A leading surgeon leading a clinical trial to transplant pig kidneys into living humans says the organs may one day be even better than donated human organs.
According to RCO News Agency, Dr. Robert Montgomery, director of the NYU Langone Transplant Institute, announced that the first transplant in the trial has been performed and the next transplant is expected in January. In the first stage, 6 patients are going to receive these pig organs; Organs that have been genetically edited at 10 points to reduce the possibility of their being rejected by the human body.

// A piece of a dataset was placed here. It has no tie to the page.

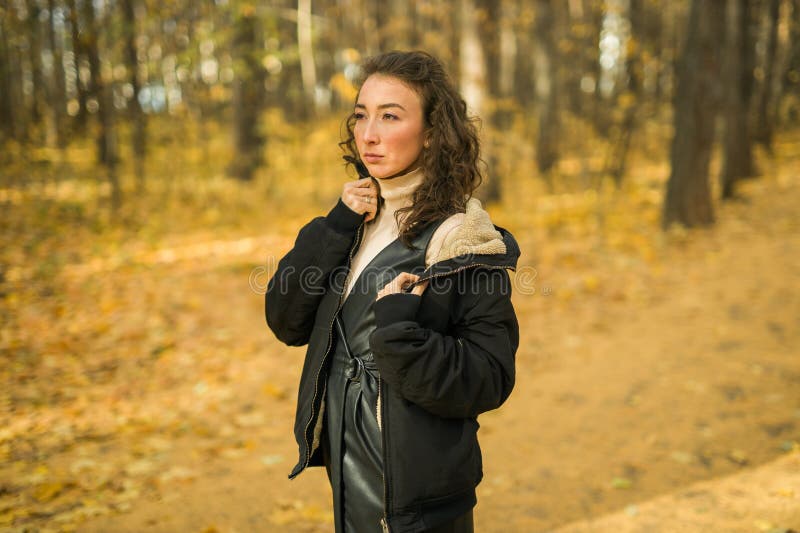 Giovane donna attraente che cammina nel parco autunnale felice umore e moda stile moda e capelli castani ricci. stagione di caduta fotografia stock libera da diritti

If approved by the US Food and Drug Administration (FDA), the trial will be expanded to include 44 other transplants.
According to the Guardian, this approach, which is called “interspecies transplant” (xenotransplantation), aims to solve the problem of shortage of human organs. According to statistics, in the UK alone over the last 10 years, more than 12,000 people have died or been removed from the transplant waiting list before receiving a new organ.
Participants in the new trial are either ineligible for a human kidney transplant, or are on a waiting list, but are predicted to be more likely to die or not receive a transplant over the next five years than they are to receive a human kidney. “The truth is there will never be enough human organs,” Montgomery told the Guardian.

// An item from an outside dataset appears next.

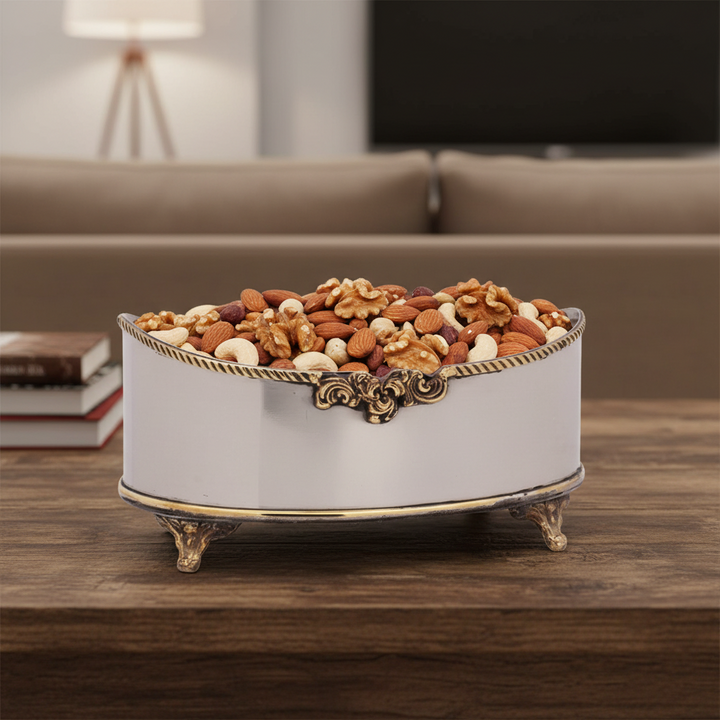 Oval bowl filled with walnuts, almonds, and cashews.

He says this from personal experience. Not only is Montgomery a pioneering transplant surgeon and one of Time Magazine’s 2025 Most Influential People, he also suffers from an inherited heart disease called dilated cardiomyopathy; The disease that killed his father and brother. After Montgomery suffered seven cardiac arrests, one of which led to a month-long coma, he received a heart transplant in 2018.
He says: “Everyone knows that we are facing a terrible problem in terms of organ rationing, because the supply is extremely limited.” But until you’ve been in the shoes of someone waiting for a transplant, you don’t really understand how unlikely it is to get a transplant at the right time.
Montgomery has pioneered new ways to increase the supply of human organs, including the domino kidney chain transplant. In this method, a living donor whose kidney is not compatible with the intended recipient is matched with another patient; That patient’s incompatible donor is then matched with the next person and the chain continues, increasing the number of compatible organs.
He is also one of the leaders in using organs from donors who have hepatitis C; In this way, the recipients are treated with medicine to eliminate the infection. Montgomery even accepted a hepatitis C-positive heart for his own heart transplant. However, he said these methods alone are not enough. He added: “After a lifetime of trying to gradually increase the number of human organs, I have come to the conclusion that no significant progress has been made, and any progress we have made has been practically neutralized by the continuous increase in the number of people waiting in line.” While the idea of interspecies grafting has been around for decades, Montgomery said recent developments, including the possibility of producing genetically edited pigs, have been a turning point.
In 2021, Montgomery performed the world’s first transplant of a genetically edited pig organ into a human. Although the recipient of the kidney was a brain-dead person, he said the move was an important step because it showed the organ was not immediately rejected and provided critical safety data that paved the way for use in living humans.
He said it’s even possible that pig organs will be better for transplants than human organs in the future, because the chance of rejection can be reduced with more genetic editing. “It’s possible that at some point pig organs will be better than human organs, because we can keep tweaking them and making them better, which we can’t do with a human organ,” says Montgomery.
The studies conducted by Montgomery and other researchers show that transplanting the pig thymus gland, an organ that plays a role in the growth and selection of immune cells, together with the kidney, can increase immune tolerance; An issue that raises the possibility that in the future the need for anti aging drugs will be reduced or even completely eliminated. He said: “We haven’t reached that point yet, but that’s exactly why we’re doing these studies.”
Although this clinical trial is the first formal example of an interspecies transplant, pig organs have previously been transplanted into a limited number of humans, most of whom were severely ill.
In some cases, these patients later had to have organs removed, and others died; Although not necessarily due to direct transplant complications. However, Montgomery said there are two living recipients who still have a functioning pig kidney in their bodies. Kidneys and hearts are promising for interspecies transplantation, while lungs are more complicated, he said. He added: “In the case of the liver, it is not yet clear whether it will really work or not.” Montgomery said he is not opposed to receiving a pig heart.
He added: If such a situation occurs again and if I am healthy and alive, I will definitely think about it. I have children with the same genetic disease as me, and I always think about them and wish they had more options than my father, my brother, or myself.